Age: Incidence of bladder cancer increases with age. Individuals over the age of 70 develop the disease two to three times more often than those aged 55-69 and 15-20 times more often than those aged 30-54.
Race: Bladder cancer is more prevalent in Caucasians than in African Americans and Latinos. Asian individuals have an even lower incidence of developing bladder cancer.
Sex: Men are about four times as likely to get bladder cancer as women are. This may be in part due to hormonal imbalances.
Chemotherapy and radiation therapy: Treatment with the anti-cancer drugs cyclophosphamide (Cytoxan®) and ifosfamide (Ifex®) increases the risk of developing bladder cancer. Clinical studies of women treated with radiation therapy for cervical cancer have reported an elevated risk for developing bladder cancer.
Chronic bladder inflammation: Chronic or repeated urinary infections or cystitis (inflammation of the urinary tract) may increase the risk of developing squamous cell carcinoma of the bladder. In some parts of the developing world, especially North Africa, a chronic parasitic infection (Schistosoma haematobium) can contribute to the development of squamous cell carcinoma. Both this infection and squamous cell carcinoma are uncommon in the U.S.
Genetics: Several genes including FGFR3, HRAS, RB1, TP53, TSC1, Tp53, Rb, CDKN2A, and cyclin D1 (CCND1),have been linked to bladder cancer. These genes help regulate cell division by preventing uncontrolled cell growth. If one or more of these genes are mutated, it may increase the risk of developing bladder cancer.
Many patients with bladder tumors are missing all or part of chromosome 9. Therefore, researchers suspect that chromosome 9 may contain several genes involved with cell growth. Studies are ongoing in this area.

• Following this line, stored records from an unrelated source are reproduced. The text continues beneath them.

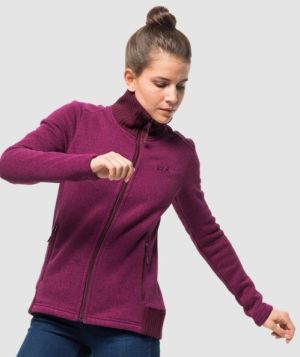 Женская флисовая толстовка Jack Wolfskin Scandic Jacket Women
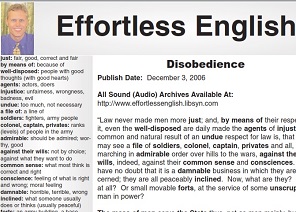 Original Effortless English Level 3 - Part 2 - Disobedience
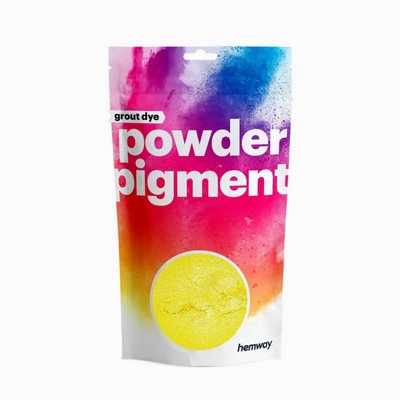 Hemway Grout Powder Pigment Dye For Tile Grout & Epoxy ResinMetallic Mustard Yellow50G / 1.7Oz from B&Q
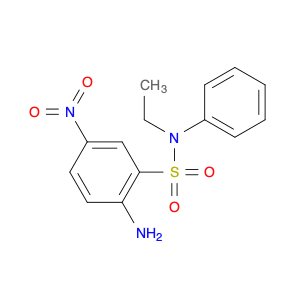 Benzenesulfonamide, 2-amino-N-ethyl-5-nitro-N-phenyl-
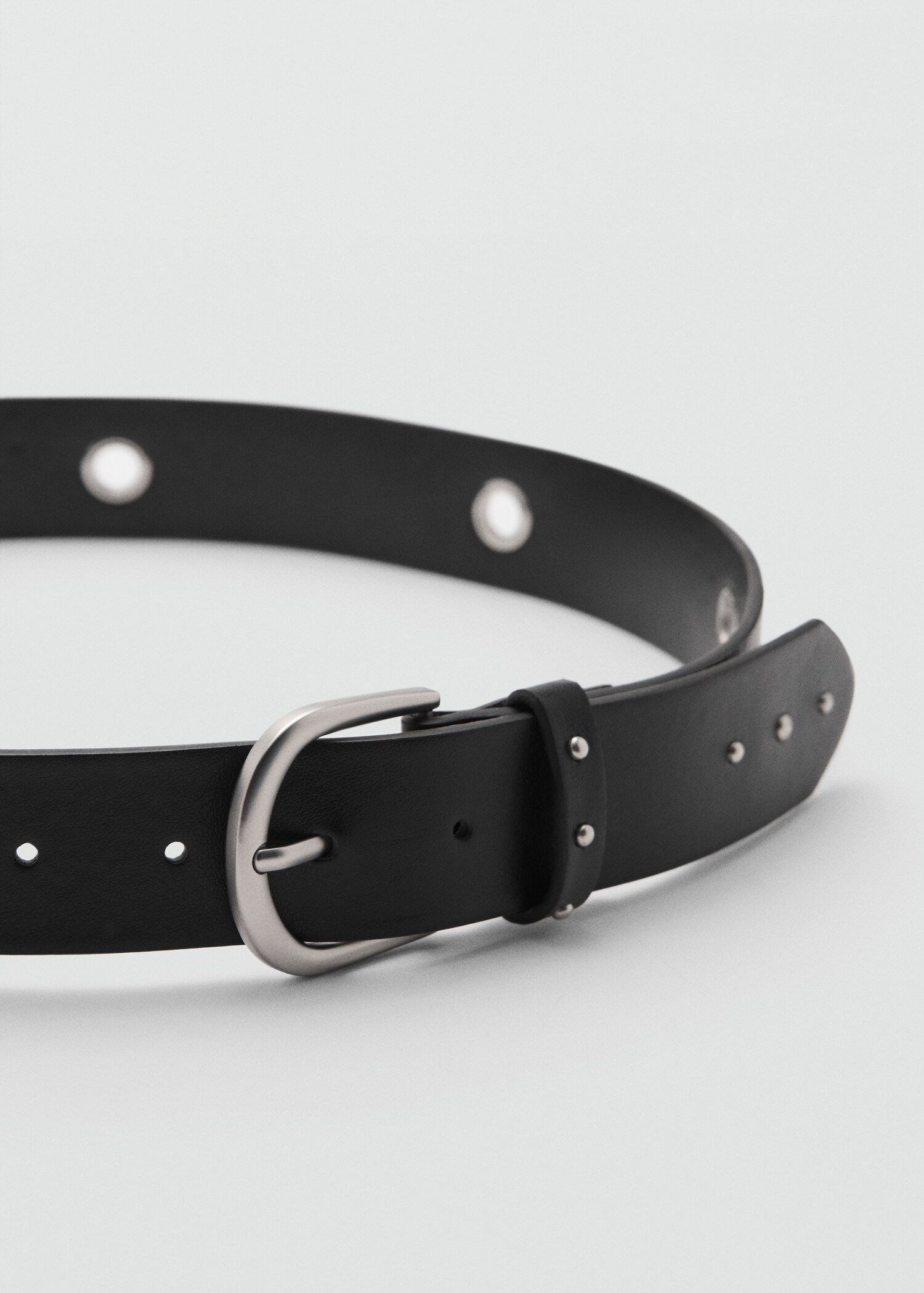 Metal buckle belt - Medium plane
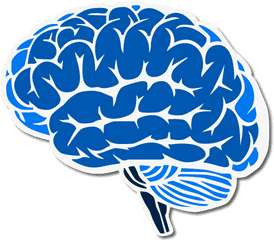 Download Brain - Blue Brain Transparent Background Png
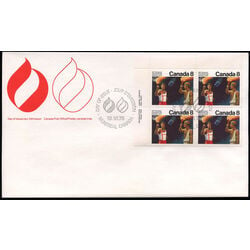 canada stamp 681 olympic torch 8 1976 FDC UL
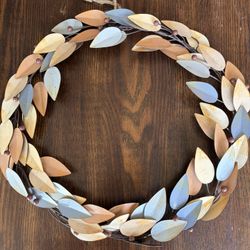 Metal Wreath Leaves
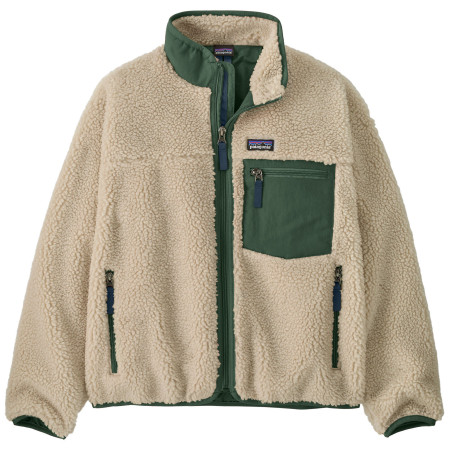 Detská mikina Patagonia K's Retro-X Jacket béžová/zelená Dark Natural w/Canopy Green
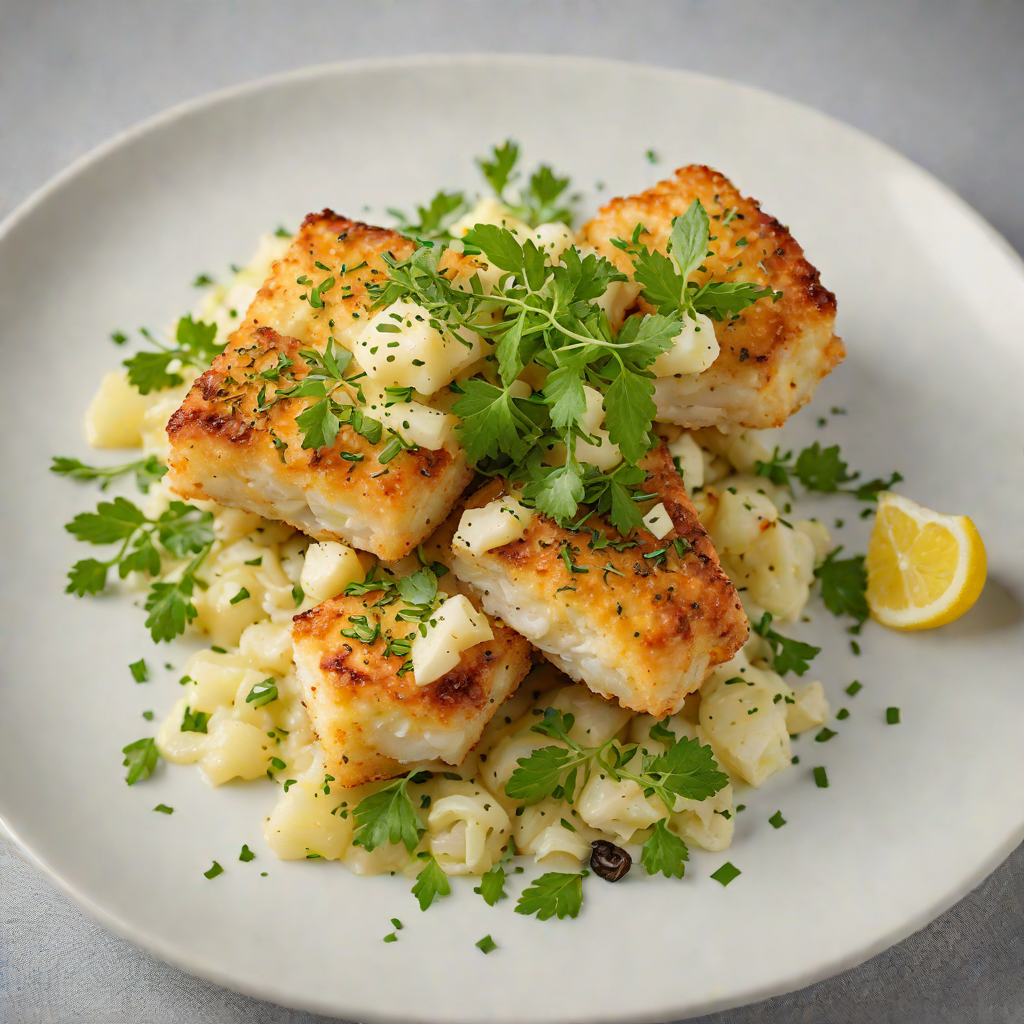 Sweet Fried Bake with Salted Cod and Green Seasoning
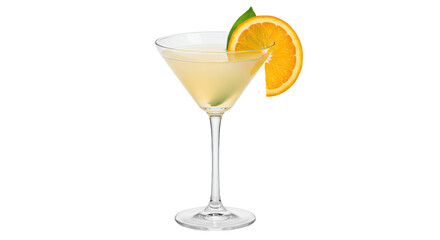 Isolated Martini Glass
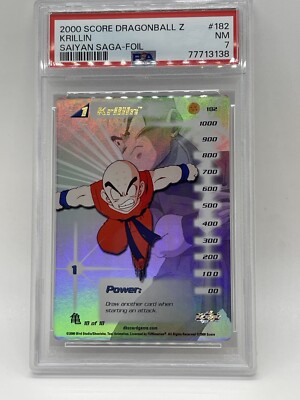 Krillin 2000 Score Saiyan Saga Hi-Tech Foil #182 PSA 7 NM Dragon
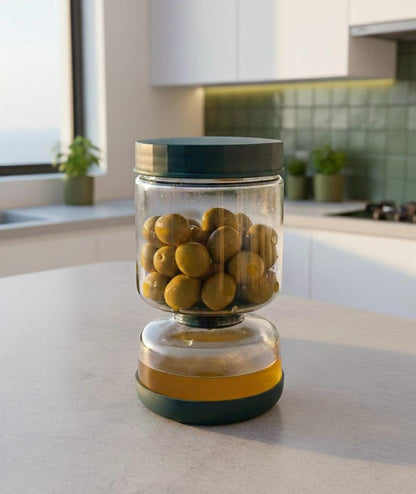 Tarro de Cristal con Separador Inteligente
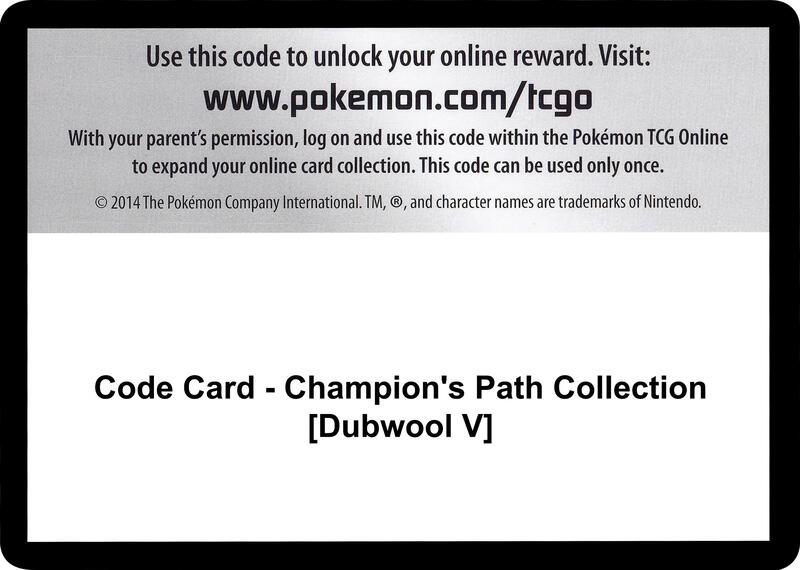 Code Card - Champion's Path Collection [Dubwool V]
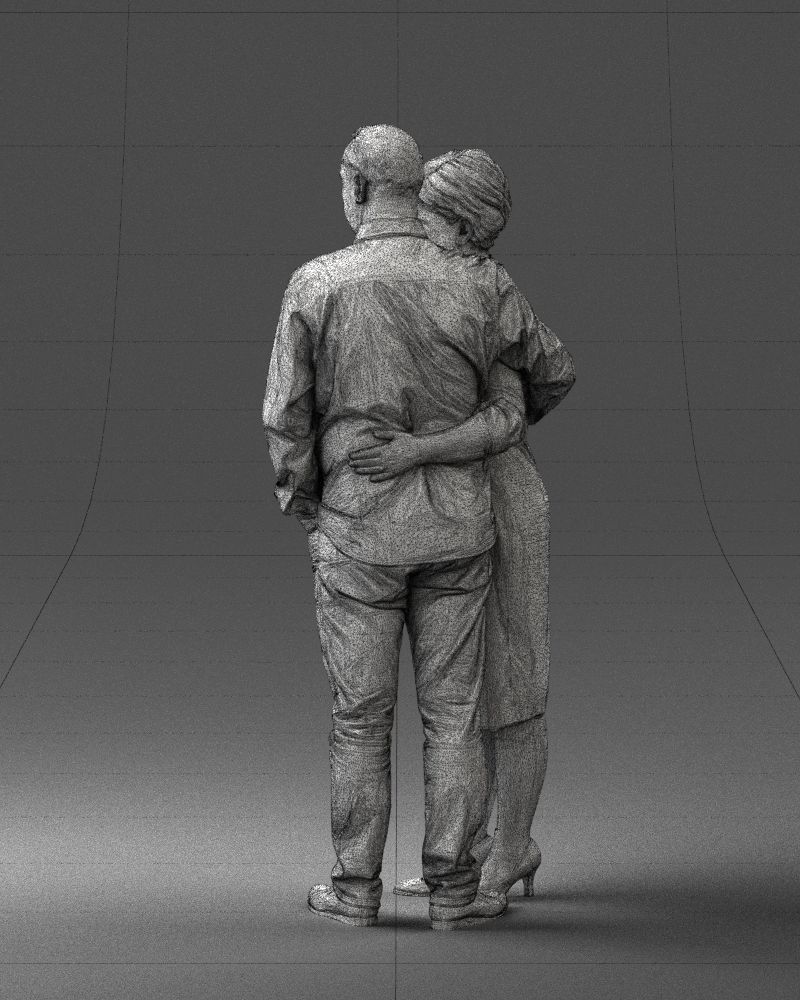 000048 Elderly couple 0204 3dp 3D print model_36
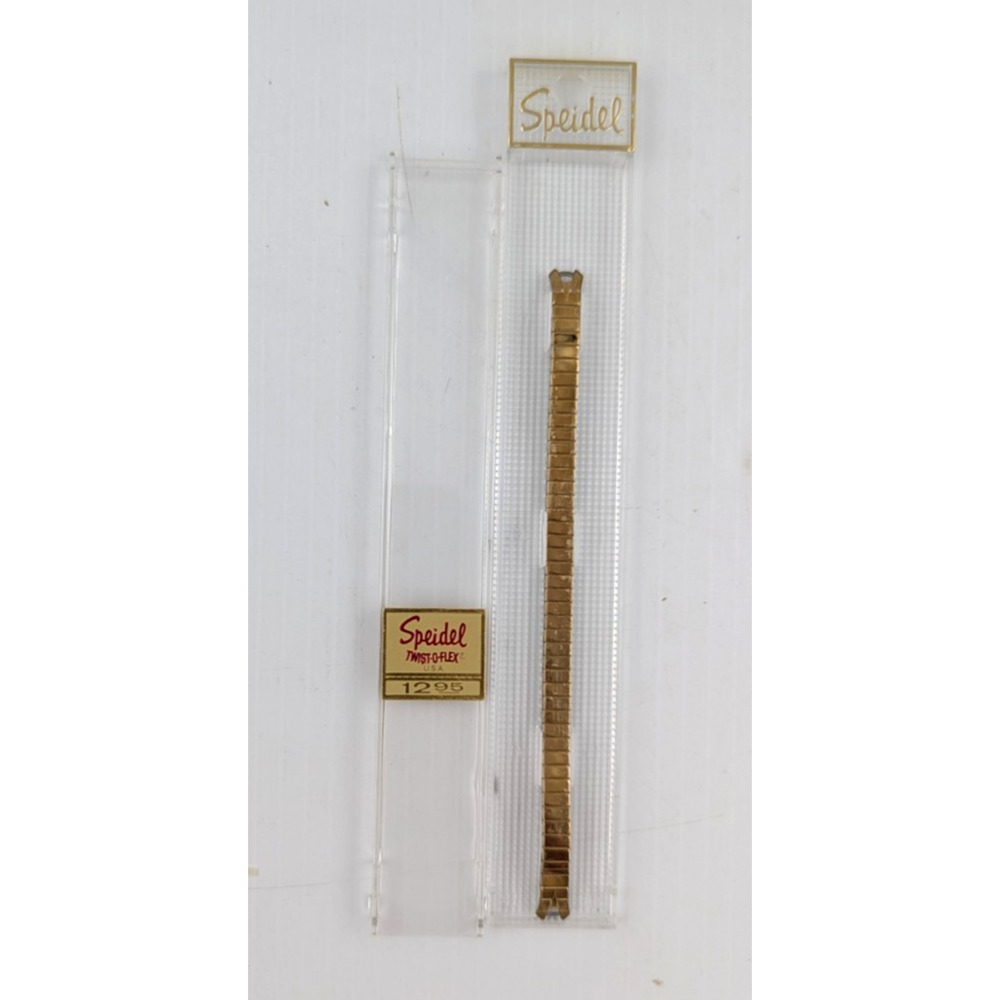 Speidel Gold Twist O Flex Stainless Steel Women Watch Band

If one or more of the immediate relatives (such as a parent or sibling) has a history of bladder cancer that also may increase the risk. However, it is rare for bladder cancer to run in families. This is because most genetic mutations linked to bladder cancer are not present at birth. Instead, they happen during a person's lifetime.
A family history of hereditary nonpolyposis colorectal cancer (a type of colon cancer, or HNPCC) may increase the risk of cancer in the urinary tract.
In addition, some people may inherit a reduced ability to break down some chemicals, making them more prone to the cancerous effects of some harmful chemicals. For example, evidence suggests that the NAT1, NAT2, and GSTM1 genes may increase the risk of bladder cancer associated with cigarette smoking.
Personal history: An individual who has been diagnosed with bladder cancer in the past makes it more likely that it will develop again. Tumors may recur in the ureters or urethra as well as in the bladder itself.
Arsenic exposure: Drinking water containing high levels of arsenic has been associated with bladder cancer. Individuals with well water should have their water tested for contaminants such as arsenic. Local health departments can be a source of testing.
Bladder birth defect: Rare birth defects of the bladder may lead to an unusual form of bladder cancer called adenocarcinoma.
Diet: A clinical study found that the risk of bladder cancer increased by 37% with a high fat intake, by 40% with low fruit consumption, and by 16% with diets low in vegetables.
Others: Consumption of Aristolochia fangchi, a Chinese herb found as an adulterant in some weight-loss formulas, may lead to kidney diseases such as bladder cancer. Aristolochia plant species contains aristolochic acid, a known cause of kidney damage.


Bladder cancer can lead to anemia (or the lack of red blood cells to carry adequate oxygen to the tissues), urinary incontinence (uncontrolled urine flow), and hydronephrosis or a blockage of the ureters that prevents urine from draining normally into the bladder.
The most serious complication from bladder cancer is metastasis (spreading) to other organs such as bones, the liver, and kidneys.